### WHAT THE TASK ASKS
Only the lines from the start of the data below through the line that contains "Perugia, sacerdote ricattato per" are to be copied, exactly and without pictures.
--- GIVEN RECORDS Enclosed Below ---
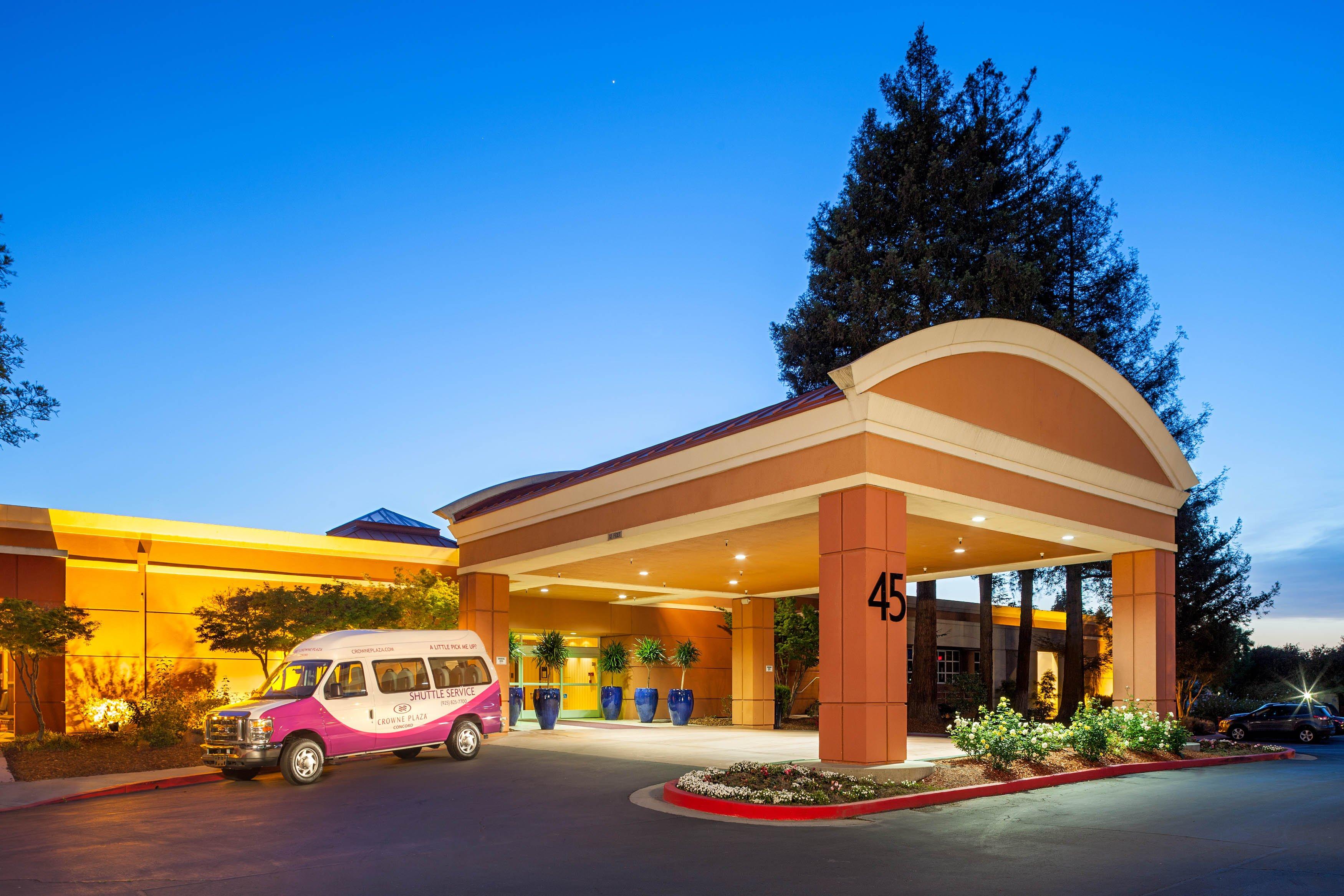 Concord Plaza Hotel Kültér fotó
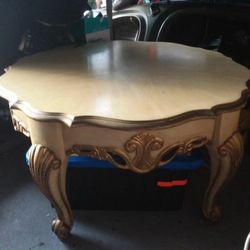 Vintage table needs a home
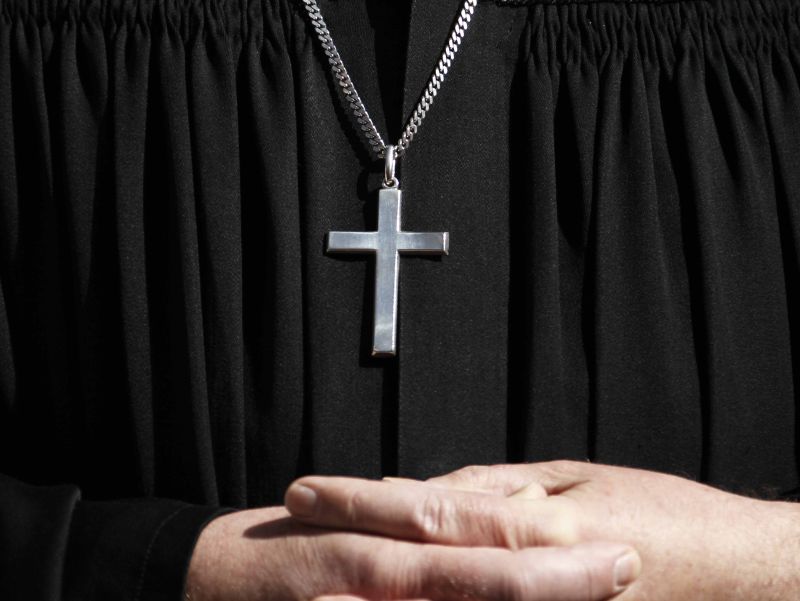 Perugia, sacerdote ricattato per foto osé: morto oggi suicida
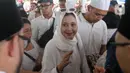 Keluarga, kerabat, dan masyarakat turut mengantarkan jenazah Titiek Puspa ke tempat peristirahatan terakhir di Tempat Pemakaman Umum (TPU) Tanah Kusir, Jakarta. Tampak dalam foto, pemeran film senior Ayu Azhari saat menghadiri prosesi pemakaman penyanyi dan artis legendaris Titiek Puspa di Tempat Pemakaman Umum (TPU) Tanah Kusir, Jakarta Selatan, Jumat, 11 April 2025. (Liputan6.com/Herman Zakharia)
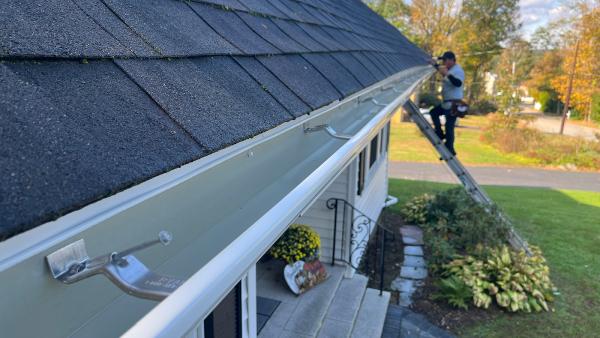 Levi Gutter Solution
--- End of Enclosed GIVEN RECORDS ---
### RESULT
 Concord Plaza Hotel Kültér fotó
 Vintage table needs a home
 Perugia, sacerdote ricattato per foto osé: morto oggi suicida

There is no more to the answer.